Fahre momentan einen Giro Einsteiger Helm, bin aber eher unzufrieden. Trotz Buff habe ich das Gefühl, das es bestimmt noch etwas besseres gibt.

Ich wäre für jeden Input dankbar.

LG,
Padde


----------



## ron101 (24. August 2020)

Der Oakley DRT5 hat :
SCHWEISSABSORBIERENDER SILIKONSTREIFEN: Absorbiert Schweiß und leitet ihn vom Auge weg, sodass deine Brille schlierenfrei bleibt. 

Damit schwitzt man wohl nicht weniger, aber es läuft eher hinter die Ohren als vorne im Gesicht runter.
Habe es selber jedoch nicht ausprobiert.


----------



## MTB-News.de




----------



## Laufrad0815 (26. August 2020)

Den DRT5 habe ich seit ein paar Wochen und bin sehr zufrieden mit dem Helm.
Was jedoch zu erwähnen ist:
Es gibt so gut wie keine Polsterung im Helm, was ich anfangs gewöhnungsbedürftig fand. Bei mir sitzt er wie angegossen.

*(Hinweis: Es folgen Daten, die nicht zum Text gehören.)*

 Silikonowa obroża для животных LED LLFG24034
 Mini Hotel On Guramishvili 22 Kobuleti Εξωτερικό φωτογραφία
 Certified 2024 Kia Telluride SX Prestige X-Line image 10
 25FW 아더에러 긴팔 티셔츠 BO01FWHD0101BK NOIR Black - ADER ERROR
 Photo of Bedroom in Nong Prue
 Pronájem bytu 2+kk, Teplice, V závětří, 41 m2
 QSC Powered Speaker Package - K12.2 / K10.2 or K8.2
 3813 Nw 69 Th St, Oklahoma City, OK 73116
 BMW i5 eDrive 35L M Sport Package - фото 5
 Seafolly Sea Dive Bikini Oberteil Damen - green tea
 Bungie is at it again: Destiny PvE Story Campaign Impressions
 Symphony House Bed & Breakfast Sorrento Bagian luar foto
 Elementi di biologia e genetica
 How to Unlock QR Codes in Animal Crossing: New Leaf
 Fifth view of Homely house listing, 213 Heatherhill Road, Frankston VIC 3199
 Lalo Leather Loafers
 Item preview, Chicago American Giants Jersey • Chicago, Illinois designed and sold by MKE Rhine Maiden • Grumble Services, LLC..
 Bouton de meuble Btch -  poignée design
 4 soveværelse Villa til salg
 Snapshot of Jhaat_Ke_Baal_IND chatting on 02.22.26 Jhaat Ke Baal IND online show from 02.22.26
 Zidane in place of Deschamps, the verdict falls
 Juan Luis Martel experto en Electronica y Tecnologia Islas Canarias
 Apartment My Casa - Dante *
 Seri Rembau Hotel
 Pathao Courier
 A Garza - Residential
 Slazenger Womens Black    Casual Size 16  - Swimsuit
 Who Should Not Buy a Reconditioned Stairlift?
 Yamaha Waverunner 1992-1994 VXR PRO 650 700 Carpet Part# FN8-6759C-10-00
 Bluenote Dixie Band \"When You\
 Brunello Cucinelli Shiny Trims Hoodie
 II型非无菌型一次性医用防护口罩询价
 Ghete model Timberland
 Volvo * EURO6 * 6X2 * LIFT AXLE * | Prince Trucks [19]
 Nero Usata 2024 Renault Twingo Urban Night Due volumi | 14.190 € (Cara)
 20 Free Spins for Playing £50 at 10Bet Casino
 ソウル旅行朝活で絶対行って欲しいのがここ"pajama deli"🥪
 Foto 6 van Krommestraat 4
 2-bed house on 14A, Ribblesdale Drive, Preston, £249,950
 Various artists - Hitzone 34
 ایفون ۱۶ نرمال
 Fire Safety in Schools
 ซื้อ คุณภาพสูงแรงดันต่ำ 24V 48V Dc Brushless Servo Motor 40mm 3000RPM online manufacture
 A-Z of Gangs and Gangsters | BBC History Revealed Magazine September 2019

Durch das Silikonband im Stirnbereich läuft der Schweiß tatsächlich in Richtung
Ohren ab und lässt die Brille und Augen trocken.
Nachteil sind schöne Abdrücke auf der Stirn durch die Silikonstreifen.

Zwischenzeitlich habe ich das beiliegende Stirnpolster drangemacht und finde den Sitz so noch komfortabler.


----------



## Collateral (26. August 2020)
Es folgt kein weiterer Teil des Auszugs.